*** DATA RECORDS ***

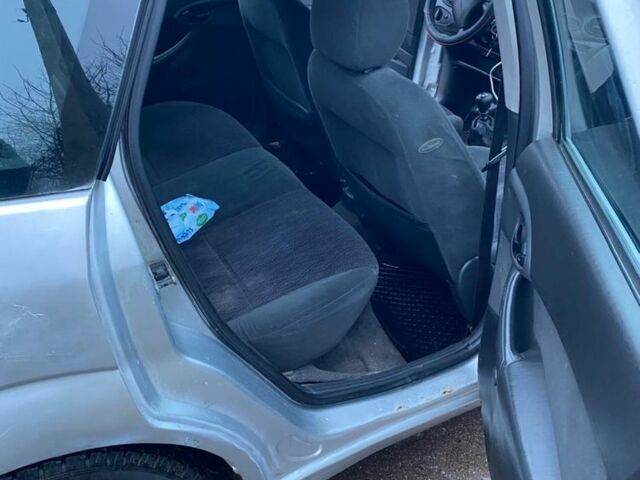 Сірий Форд Фокус, об'ємом двигуна 1.8 л та пробігом 240 тис. км за 1600 $, фото 7 на Automoto.ua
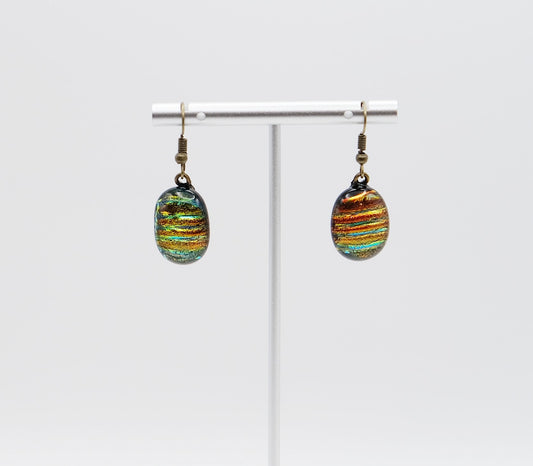 Dichroic rainbow stripes fused glass pierced dangling earrings on antiqued brass tone french wires. Approx 1.5 inches total length seeds glassworks seedsglassworks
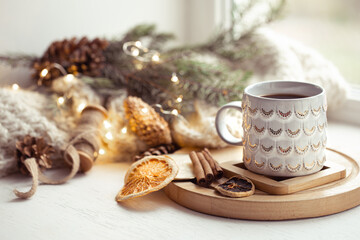 Beautiful cup with hot drink close up on blurred background with bokeh lights.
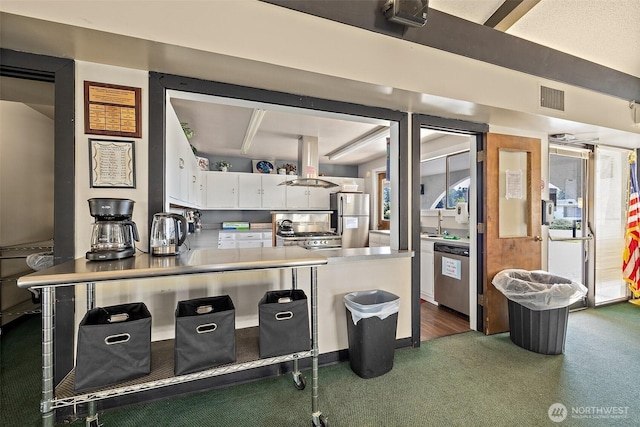 1402 22nd St NE Unit 65, Auburn, WA 98002 - kitchen with island exhaust hood, appliances with stainless steel finishes, white cabinets, carpet floors, and a peninsula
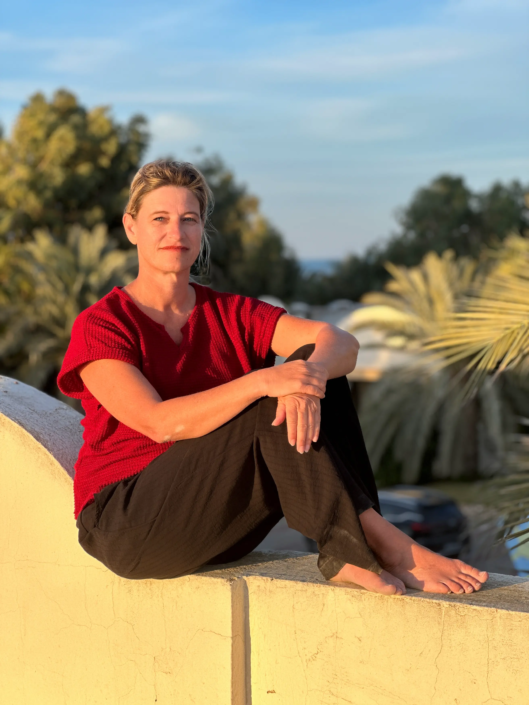 Antje Backwinkel, Buchautorin, sitzt entspannt auf einer Mauer im Abendlicht, trägt ein bordeauxrotes Oberteil und schwarze Hose. Hinter ihr sind Palmen und eine friedliche Umgebung sichtbar. Virtuelles Fotoshooting am Strand von Djerba.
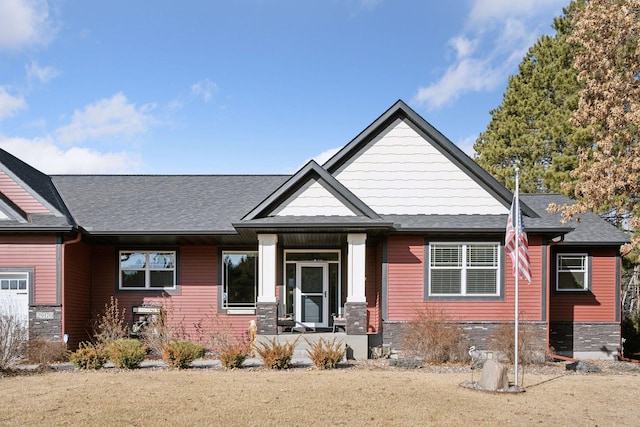 craftsman-style house with a shingled roof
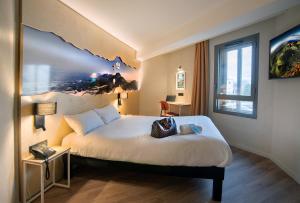 Postel nebo postele na pokoji v ubytování ibis Styles Clermont-Ferrand Aéroport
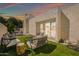Inviting backyard features modern furniture, lush artificial grass, and a charming patio area, perfect for outdoor entertaining at 930 S Dobson Rd # 41, Mesa, AZ 85202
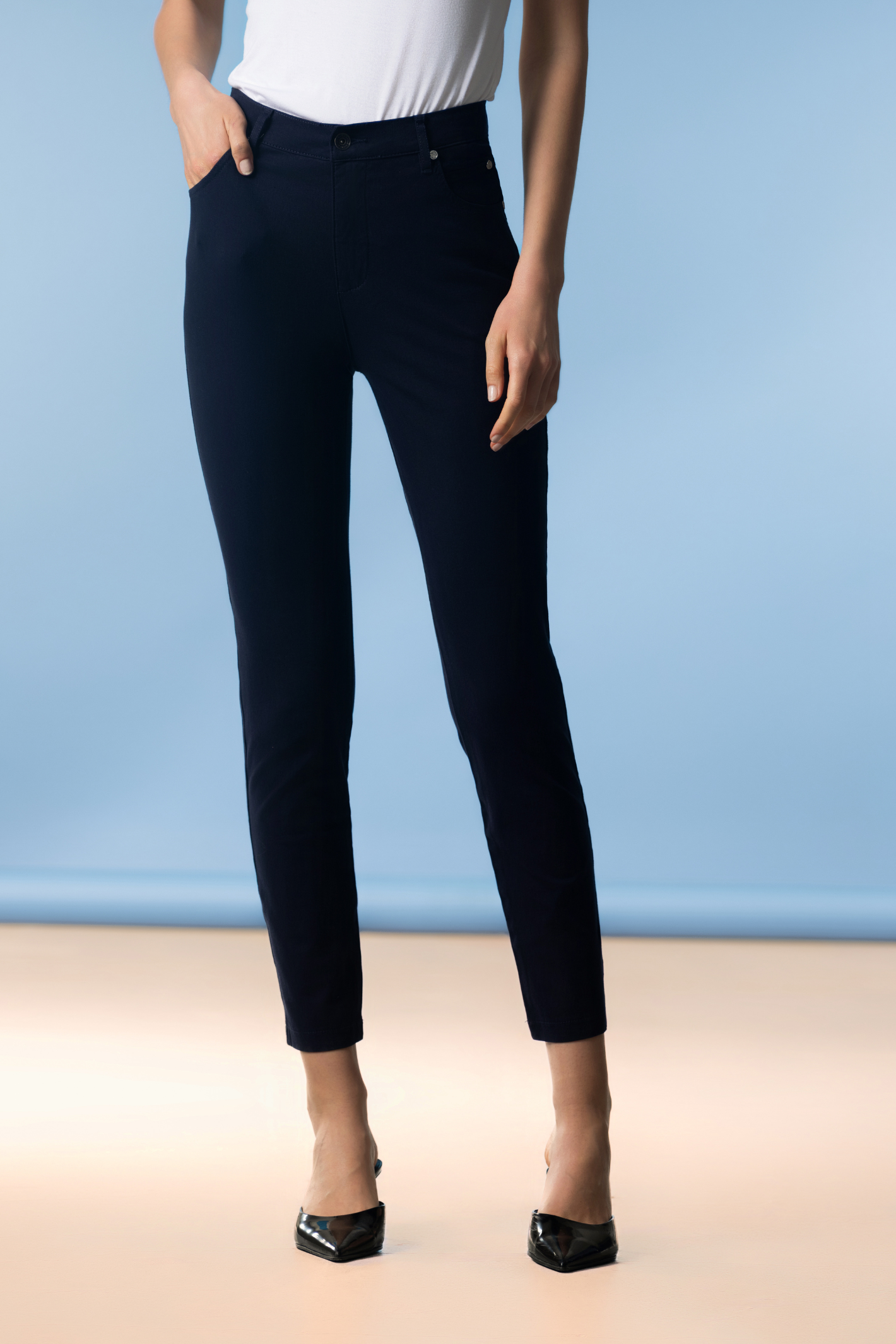 The Alison Sheri PAS2400 trousers in navy are a timeless wardrobe staple, offering a clean, streamlined shape with everyday comfort. Shop Alison Sheri at Dotique.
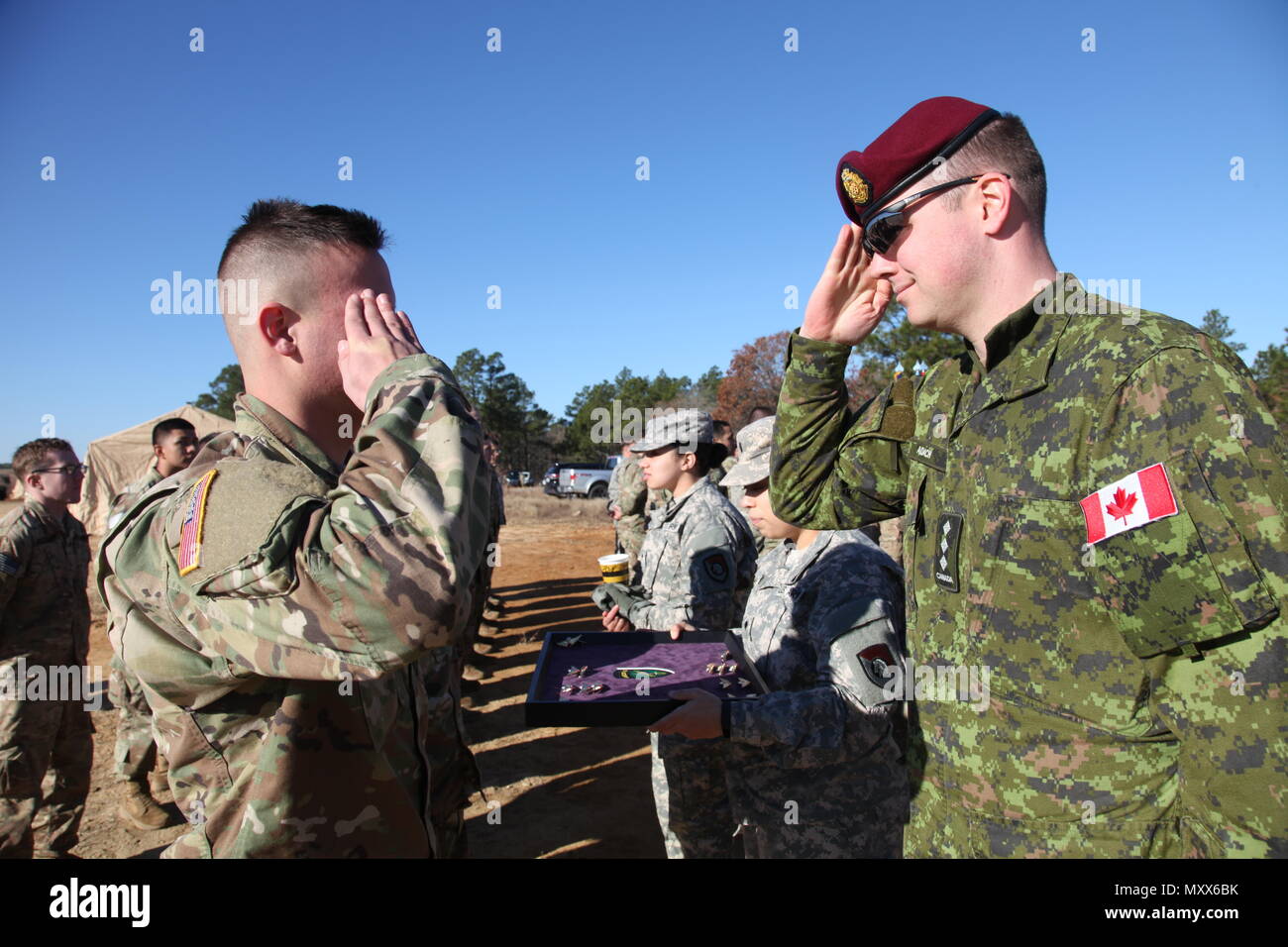 Us-Armee Pfc. Coty Mikita, 1-508, 3. Brigade, 82nd Airborne Division, würdigt Kapitän Andrew Adach, Kanadische Armee Advanced Warfare Center, nachdem er sein Canadian jump Wings er während ein Betrieb für die 19. jährlichen Randy Oler Memorial Betrieb Spielzeug Drop erwarb, bewirtet durch die US-Armee die zivilen Angelegenheiten & psychologische Operations Command (Airborne), auf Luzon Drop Zone, N.C., 10.12.2016. Betrieb Spielzeug Drop ist der weltweit größte kombinierten Betrieb und gemeinsame Aus- und Fortbildung mit acht Partner - nation Fallschirmjäger teilnehmen. (U.S. Armee Foto von SPC. Lisa Velazco/Freigegeben) Stockfoto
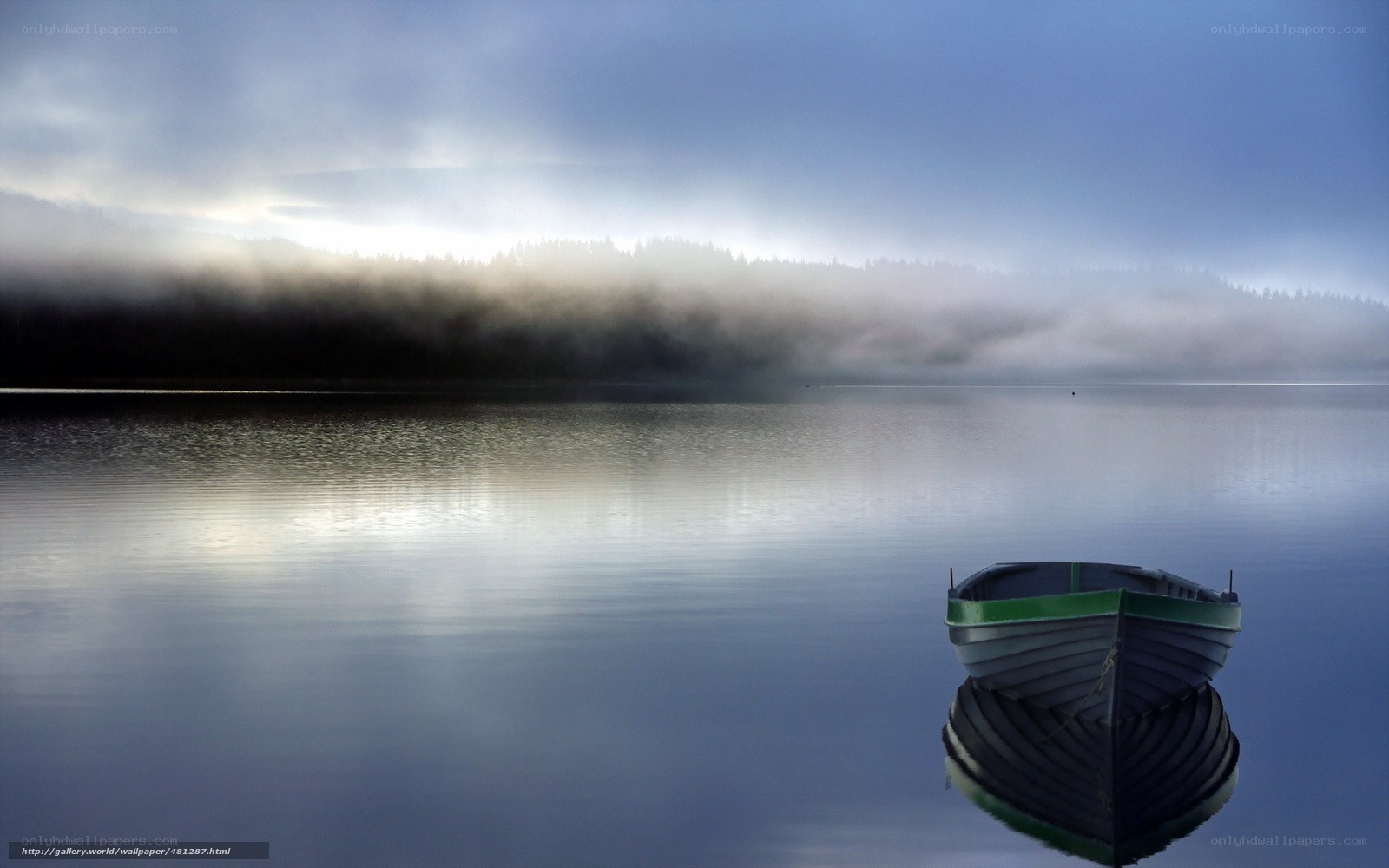 Foggy lake with boat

*** End of DATA RECORDS ***

TRY IT:
Above are some records. Output exactly the lines from the one that contains "Beautiful cup with" to the one that contains "The Alison Sheri", keeping both, and omit the pictures.

ANSWER BOX:
 Beautiful cup with hot drink close up on blurred background with bokeh lights.
 1402 22nd St NE Unit 65, Auburn, WA 98002 - kitchen with island exhaust hood, appliances with stainless steel finishes, white cabinets, carpet floors, and a peninsula
 Antje Backwinkel, Buchautorin, sitzt entspannt auf einer Mauer im Abendlicht, trägt ein bordeauxrotes Oberteil und schwarze Hose. Hinter ihr sind Palmen und eine friedliche Umgebung sichtbar. Virtuelles Fotoshooting am Strand von Djerba.
 craftsman-style house with a shingled roof
 Postel nebo postele na pokoji v ubytování ibis Styles Clermont-Ferrand Aéroport
Inviting backyard features modern furniture, lush artificial grass, and a charming patio area, perfect for outdoor entertaining at 930 S Dobson Rd # 41, Mesa, AZ 85202
 The Alison Sheri PAS2400 trousers in navy are a timeless wardrobe staple, offering a clean, streamlined shape with everyday comfort. Shop Alison Sheri at Dotique.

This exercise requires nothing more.